- _ASSIGNMENT_: Beginning with the line below that contains "Jellybean visits seniors, students" and ending with the line that contains "Villa En venta en Álora photo 0", copy every line exactly. Copy nothing else.
=== Section Start ===
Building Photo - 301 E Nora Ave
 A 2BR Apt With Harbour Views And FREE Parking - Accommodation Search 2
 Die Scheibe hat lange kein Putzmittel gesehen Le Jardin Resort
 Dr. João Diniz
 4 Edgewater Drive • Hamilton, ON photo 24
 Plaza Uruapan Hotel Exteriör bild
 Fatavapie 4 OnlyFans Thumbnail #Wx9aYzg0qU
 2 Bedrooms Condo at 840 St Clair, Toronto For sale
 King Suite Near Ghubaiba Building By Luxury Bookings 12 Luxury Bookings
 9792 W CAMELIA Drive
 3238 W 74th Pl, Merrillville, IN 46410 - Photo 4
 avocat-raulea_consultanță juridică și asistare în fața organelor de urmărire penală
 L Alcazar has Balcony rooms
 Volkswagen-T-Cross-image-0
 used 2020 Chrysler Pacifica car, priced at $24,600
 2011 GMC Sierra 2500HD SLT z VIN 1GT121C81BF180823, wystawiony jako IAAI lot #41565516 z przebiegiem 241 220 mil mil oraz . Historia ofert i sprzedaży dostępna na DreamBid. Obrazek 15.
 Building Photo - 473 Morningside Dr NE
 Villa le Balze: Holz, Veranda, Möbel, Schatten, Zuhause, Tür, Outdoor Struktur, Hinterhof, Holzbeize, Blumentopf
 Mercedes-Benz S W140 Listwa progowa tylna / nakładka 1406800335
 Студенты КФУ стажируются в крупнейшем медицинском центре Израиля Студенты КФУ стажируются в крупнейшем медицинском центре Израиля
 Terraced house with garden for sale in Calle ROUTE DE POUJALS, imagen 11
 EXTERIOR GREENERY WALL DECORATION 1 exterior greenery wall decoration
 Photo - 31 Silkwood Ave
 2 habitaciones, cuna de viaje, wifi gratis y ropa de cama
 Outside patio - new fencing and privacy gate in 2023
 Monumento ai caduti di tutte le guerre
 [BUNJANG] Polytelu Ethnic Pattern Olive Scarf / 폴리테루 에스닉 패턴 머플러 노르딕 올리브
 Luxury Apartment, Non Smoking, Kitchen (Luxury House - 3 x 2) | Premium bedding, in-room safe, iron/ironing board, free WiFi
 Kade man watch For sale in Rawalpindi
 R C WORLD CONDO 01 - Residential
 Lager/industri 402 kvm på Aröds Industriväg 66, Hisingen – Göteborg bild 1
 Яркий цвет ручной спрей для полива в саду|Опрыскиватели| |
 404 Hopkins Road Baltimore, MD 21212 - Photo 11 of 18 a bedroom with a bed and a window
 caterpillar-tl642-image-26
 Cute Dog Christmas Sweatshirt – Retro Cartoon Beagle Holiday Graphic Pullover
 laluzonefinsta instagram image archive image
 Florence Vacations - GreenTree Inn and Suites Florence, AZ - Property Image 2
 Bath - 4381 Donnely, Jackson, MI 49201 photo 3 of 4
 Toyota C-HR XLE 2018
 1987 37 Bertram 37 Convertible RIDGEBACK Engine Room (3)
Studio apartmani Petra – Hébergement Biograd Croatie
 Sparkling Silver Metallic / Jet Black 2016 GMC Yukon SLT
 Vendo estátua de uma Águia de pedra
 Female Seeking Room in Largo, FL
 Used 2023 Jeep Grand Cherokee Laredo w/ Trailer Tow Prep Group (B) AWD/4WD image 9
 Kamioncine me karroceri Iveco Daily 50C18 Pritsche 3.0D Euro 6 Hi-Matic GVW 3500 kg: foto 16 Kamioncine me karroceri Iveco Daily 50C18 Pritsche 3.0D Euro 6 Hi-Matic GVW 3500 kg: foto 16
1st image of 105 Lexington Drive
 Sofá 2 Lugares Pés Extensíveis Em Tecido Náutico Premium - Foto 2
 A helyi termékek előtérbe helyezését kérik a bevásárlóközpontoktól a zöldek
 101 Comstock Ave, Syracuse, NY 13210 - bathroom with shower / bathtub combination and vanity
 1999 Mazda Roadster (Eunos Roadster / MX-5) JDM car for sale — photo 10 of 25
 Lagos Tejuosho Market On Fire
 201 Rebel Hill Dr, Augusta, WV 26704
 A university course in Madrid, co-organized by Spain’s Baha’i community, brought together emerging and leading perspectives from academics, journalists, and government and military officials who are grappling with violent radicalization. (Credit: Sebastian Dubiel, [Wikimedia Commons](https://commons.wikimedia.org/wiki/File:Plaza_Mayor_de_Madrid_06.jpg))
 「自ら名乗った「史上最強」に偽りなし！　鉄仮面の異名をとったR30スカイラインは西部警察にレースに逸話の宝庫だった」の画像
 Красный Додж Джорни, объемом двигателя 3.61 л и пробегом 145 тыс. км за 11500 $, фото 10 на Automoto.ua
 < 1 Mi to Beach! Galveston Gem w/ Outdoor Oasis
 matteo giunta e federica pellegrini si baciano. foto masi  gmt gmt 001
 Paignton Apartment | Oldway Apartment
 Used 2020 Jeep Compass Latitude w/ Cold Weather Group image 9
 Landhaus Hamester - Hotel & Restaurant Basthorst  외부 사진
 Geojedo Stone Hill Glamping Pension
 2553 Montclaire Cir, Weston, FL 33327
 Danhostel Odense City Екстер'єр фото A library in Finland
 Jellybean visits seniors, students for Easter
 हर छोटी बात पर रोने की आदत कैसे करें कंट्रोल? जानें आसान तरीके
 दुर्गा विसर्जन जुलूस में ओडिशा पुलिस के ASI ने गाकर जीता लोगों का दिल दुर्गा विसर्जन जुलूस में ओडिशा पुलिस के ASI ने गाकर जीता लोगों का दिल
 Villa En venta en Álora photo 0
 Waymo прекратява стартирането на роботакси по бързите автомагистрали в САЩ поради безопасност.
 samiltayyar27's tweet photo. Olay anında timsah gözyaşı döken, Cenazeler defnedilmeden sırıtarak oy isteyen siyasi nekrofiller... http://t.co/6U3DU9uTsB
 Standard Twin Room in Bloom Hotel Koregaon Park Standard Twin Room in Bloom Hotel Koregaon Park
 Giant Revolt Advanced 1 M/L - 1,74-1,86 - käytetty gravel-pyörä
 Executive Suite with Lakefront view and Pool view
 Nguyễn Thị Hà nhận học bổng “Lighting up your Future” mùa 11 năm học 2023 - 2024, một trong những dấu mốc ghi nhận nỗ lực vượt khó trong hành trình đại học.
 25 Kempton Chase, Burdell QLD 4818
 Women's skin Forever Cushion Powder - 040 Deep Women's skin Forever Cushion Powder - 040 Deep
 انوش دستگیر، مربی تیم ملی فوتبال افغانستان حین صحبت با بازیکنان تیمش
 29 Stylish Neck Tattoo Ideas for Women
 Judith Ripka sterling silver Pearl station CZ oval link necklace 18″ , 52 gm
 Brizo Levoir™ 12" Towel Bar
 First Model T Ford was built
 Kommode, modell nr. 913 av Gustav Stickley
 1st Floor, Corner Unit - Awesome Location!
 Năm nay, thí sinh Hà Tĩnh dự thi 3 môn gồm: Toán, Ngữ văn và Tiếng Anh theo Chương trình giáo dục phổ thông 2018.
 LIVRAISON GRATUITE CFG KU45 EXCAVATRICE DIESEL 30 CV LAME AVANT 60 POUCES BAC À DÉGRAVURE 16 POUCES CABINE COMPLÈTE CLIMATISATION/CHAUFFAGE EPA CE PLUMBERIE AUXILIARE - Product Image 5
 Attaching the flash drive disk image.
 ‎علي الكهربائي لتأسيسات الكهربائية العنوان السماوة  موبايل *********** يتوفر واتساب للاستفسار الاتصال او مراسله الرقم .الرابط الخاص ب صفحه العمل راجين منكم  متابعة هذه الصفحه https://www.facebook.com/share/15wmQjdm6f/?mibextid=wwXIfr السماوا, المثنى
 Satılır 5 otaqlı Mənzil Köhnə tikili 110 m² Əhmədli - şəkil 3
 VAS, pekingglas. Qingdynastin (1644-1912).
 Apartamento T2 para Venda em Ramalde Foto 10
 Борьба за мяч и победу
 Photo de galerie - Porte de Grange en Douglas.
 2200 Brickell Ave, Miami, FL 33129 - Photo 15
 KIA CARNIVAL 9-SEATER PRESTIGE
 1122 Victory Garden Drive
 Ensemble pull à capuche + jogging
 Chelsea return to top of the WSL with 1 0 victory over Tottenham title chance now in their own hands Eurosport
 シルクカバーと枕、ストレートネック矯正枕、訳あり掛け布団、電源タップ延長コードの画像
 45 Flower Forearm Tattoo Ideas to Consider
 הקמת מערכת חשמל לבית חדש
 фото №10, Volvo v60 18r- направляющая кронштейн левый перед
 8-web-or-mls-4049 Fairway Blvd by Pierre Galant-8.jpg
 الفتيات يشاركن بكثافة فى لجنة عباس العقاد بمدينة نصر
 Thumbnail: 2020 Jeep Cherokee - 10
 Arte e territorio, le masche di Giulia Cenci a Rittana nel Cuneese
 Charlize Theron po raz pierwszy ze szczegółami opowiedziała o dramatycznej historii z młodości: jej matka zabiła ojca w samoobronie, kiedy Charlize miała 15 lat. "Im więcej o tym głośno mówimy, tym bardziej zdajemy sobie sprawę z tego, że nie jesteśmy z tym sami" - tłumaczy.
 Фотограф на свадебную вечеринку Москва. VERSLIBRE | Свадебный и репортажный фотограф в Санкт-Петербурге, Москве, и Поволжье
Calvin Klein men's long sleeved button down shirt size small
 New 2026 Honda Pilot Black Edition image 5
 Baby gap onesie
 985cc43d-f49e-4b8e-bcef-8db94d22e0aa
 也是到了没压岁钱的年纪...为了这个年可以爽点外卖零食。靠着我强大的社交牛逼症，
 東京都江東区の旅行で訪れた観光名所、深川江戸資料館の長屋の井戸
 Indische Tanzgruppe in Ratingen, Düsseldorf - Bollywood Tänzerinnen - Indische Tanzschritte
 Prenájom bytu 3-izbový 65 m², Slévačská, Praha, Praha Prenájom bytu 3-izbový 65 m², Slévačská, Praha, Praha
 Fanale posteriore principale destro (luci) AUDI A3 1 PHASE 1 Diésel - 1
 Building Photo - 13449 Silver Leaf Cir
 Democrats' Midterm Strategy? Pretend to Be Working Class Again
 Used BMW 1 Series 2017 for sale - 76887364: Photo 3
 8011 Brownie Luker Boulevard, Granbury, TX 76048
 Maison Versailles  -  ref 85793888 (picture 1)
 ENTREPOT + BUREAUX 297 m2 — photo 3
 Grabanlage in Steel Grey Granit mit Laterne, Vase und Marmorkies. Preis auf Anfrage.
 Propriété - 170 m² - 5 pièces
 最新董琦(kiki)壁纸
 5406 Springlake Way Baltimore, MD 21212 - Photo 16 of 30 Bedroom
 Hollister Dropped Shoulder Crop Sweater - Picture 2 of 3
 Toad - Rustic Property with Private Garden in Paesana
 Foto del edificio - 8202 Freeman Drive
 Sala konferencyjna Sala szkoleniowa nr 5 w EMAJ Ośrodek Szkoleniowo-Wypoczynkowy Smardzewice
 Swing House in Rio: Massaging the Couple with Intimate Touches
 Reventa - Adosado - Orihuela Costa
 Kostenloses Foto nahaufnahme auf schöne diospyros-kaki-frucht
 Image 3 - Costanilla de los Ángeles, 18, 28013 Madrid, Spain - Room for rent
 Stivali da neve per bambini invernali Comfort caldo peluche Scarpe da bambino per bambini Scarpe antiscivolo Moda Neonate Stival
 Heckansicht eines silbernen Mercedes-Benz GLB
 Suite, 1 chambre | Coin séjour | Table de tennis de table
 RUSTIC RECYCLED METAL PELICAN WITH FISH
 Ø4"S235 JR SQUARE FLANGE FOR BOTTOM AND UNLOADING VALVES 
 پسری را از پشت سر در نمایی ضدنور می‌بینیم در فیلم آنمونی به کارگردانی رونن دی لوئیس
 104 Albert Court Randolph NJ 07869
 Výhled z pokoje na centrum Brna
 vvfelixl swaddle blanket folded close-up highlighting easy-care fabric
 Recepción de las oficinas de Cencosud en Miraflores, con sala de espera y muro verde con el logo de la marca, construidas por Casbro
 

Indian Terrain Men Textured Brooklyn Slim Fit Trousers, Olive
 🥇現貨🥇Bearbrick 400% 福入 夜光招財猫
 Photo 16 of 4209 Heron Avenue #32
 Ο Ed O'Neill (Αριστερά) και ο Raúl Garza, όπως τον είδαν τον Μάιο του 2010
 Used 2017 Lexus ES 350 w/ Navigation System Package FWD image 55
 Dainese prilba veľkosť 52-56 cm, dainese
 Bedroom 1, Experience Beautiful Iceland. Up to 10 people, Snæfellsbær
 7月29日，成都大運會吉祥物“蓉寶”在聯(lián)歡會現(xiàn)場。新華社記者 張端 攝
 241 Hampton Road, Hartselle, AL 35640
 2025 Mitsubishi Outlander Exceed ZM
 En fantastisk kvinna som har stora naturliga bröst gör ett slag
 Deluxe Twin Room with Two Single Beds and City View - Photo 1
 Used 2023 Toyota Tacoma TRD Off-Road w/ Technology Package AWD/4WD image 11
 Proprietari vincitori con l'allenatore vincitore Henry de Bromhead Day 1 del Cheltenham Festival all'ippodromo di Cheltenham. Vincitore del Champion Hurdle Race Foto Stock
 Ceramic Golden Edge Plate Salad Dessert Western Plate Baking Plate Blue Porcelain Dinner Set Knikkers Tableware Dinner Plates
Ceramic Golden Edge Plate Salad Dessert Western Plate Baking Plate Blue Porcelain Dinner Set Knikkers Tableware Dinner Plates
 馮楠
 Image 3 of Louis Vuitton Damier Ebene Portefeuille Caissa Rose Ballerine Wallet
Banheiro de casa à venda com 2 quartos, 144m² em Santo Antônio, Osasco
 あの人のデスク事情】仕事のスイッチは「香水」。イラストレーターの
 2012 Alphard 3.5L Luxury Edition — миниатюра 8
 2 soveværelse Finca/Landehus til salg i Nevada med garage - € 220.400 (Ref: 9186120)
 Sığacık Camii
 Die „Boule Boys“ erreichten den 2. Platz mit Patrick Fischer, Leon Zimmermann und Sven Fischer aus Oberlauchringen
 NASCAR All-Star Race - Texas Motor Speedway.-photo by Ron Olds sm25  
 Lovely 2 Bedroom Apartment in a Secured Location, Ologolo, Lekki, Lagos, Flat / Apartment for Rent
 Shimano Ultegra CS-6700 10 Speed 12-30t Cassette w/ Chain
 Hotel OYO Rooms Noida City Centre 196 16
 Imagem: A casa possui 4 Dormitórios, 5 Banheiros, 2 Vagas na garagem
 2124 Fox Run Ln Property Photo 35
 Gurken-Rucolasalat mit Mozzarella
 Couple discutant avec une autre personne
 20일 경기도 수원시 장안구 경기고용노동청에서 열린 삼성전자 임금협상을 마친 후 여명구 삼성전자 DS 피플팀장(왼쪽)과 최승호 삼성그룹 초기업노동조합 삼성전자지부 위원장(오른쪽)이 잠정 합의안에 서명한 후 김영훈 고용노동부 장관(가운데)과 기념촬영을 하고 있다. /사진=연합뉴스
=== Section End ===
- _OUTPUT OF THE TASK_:
 Jellybean visits seniors, students for Easter
 हर छोटी बात पर रोने की आदत कैसे करें कंट्रोल? जानें आसान तरीके
 दुर्गा विसर्जन जुलूस में ओडिशा पुलिस के ASI ने गाकर जीता लोगों का दिल दुर्गा विसर्जन जुलूस में ओडिशा पुलिस के ASI ने गाकर जीता लोगों का दिल
 Villa En venta en Álora photo 0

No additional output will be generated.